3o Dieu se manifestait aussi, mais plus rarement, à ses prophètes par des songes (1). Ce mode de communication prophétique différait du second, principalement en ce que la vision avait lieu pendant l'état de veille, tandis que le songe avait lieu pendant le sommeil. Du reste, dans le songe comme dans la vision, le Seigneur se servait ordinairement des images qui étaient familières aux prophètes pour en revêtir ses révélations; c'est ainsi que les visions d'Isaïe et de Jérémie ont une couleur palestinienne, tandis que celles d'Ézéchiel et de Daniel sont remplies de traits et de symboles empruntés à la Chaldée.

4o De quelque manière que Dieu révélât l'avenir au prophète, il le lui manifestait comme déjà présent ou même comme passé (2), de là vient que l'écrivain emploie si fréquemment, même quand il s'agit d'un temps futur, le prétérit que l'on a appelé prophétique.

5° Puisque Dieu communiquait ses volontés aux prophètes par la parole, par des visions ou par des songes, il suit de là que le don de prophétie était transitoire, et non habituel ou permanent (3), et que les prophètes ne connaissaient que ce que Dieu jugeait à propos de leur révéler chaque fois par une manifestation spéciale (4).

(1) Num., XII, 6; Joel, 11, 28; Dan., I, 17; vii, 1.

(2) « Mos... est prophetarum omnium de nondum factis ut de factis loqui, dit S. Jean Chrysostome, In Gen. 1, hom. x. no 4, t. LIII, col. 85, quia enim mentalibus oculis videbant quæ post multorum annorum curricula erant futura, idcirco quasi nunc ob oculos posita spectarent, ita cuncta narrabant. » — « Id jam olim prophetis in more fuit, qui de futuris rebus quasi jam factis loquuntur. » Id., In Joa. hom. XIII, no 3, t.
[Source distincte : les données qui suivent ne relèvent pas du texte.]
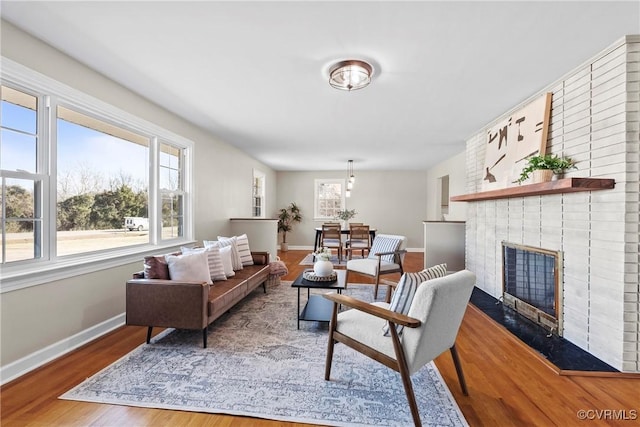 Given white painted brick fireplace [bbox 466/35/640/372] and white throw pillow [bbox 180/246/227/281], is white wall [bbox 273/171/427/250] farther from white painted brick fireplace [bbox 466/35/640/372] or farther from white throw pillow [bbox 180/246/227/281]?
white painted brick fireplace [bbox 466/35/640/372]

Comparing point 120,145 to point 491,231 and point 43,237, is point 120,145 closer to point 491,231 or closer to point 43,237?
point 43,237

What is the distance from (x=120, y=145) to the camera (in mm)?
3113

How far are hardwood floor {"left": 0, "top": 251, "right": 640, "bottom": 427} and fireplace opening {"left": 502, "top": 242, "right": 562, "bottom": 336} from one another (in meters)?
0.58

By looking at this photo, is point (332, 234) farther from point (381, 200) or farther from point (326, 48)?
point (326, 48)

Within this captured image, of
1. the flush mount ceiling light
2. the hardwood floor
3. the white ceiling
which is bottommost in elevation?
the hardwood floor

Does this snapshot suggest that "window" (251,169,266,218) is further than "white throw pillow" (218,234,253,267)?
Yes

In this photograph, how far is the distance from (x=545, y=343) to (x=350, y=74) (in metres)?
2.82

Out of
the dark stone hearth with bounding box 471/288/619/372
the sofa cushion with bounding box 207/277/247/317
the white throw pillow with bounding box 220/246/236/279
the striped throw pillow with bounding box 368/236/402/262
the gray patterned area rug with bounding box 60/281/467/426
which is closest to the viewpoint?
the gray patterned area rug with bounding box 60/281/467/426

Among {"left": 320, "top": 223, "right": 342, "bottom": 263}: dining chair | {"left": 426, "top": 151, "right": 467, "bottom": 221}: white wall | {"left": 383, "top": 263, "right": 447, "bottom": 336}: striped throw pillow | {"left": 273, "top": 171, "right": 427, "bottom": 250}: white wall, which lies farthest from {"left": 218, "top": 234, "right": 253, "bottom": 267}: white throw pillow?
{"left": 273, "top": 171, "right": 427, "bottom": 250}: white wall

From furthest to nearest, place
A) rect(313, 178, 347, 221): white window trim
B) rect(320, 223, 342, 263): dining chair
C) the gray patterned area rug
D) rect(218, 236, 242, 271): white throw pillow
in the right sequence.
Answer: rect(313, 178, 347, 221): white window trim, rect(320, 223, 342, 263): dining chair, rect(218, 236, 242, 271): white throw pillow, the gray patterned area rug

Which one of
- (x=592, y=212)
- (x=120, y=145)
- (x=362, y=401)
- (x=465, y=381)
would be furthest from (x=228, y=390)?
(x=592, y=212)

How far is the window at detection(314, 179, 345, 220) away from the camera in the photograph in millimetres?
8500

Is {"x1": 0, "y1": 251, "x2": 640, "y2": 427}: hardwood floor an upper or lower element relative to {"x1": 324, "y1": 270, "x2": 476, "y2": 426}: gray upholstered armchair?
lower

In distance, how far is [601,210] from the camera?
220 centimetres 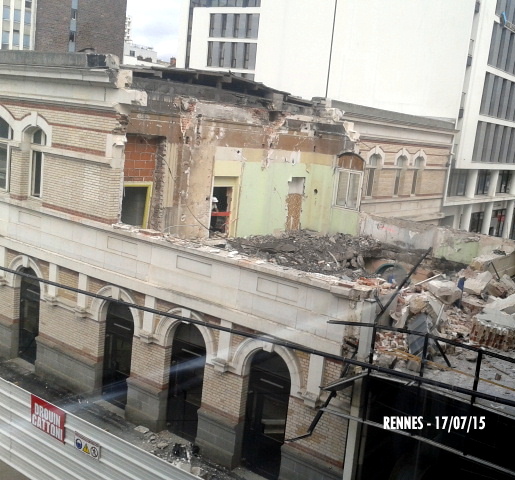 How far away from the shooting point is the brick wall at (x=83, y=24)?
4703 centimetres

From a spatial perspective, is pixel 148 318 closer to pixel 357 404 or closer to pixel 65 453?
pixel 65 453

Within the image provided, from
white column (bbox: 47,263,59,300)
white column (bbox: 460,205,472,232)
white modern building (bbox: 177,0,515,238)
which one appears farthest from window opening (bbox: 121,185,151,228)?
white column (bbox: 460,205,472,232)

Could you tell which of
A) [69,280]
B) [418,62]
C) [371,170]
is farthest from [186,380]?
[418,62]

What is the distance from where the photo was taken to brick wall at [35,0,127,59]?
154 ft

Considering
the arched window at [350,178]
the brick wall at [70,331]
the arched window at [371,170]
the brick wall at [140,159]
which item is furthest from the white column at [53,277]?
the arched window at [371,170]

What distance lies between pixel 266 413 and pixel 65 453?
4173 mm

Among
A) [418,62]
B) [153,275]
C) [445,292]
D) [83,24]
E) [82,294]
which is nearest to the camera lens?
[445,292]

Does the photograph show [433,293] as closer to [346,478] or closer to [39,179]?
[346,478]

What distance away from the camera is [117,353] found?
619 inches

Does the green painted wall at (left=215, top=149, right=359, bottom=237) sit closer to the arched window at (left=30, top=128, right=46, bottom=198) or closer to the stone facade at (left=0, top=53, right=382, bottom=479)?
the stone facade at (left=0, top=53, right=382, bottom=479)

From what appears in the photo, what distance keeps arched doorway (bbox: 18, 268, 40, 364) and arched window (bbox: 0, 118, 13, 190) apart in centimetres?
254

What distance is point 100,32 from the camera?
4838 centimetres

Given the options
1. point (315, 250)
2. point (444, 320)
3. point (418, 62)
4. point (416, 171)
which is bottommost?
point (444, 320)

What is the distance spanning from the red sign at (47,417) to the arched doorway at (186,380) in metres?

LIX, col. 89.

(3) Lumen propheticum non inest intellectui prophetæ per modum formæ permanentis, alias oporteret quod semper prophetæ adesset facultas prophetandi, quod patet esse falsum... Relinquitur ergo quod lumen propheticum insit animæ prophetæ per modum cujusdam passionis vel impressionis transeuntis... Mens prophetæ semper indiget nova revelatione... Unde manifestum est quod prophetia, proprie loquendo, non est habitus. » S. Th., 2a 2æ, q. 171, a. 2.

(4) « Non oportet pronhetis omnia prophetabilia nota esse. » Ib. a. 4.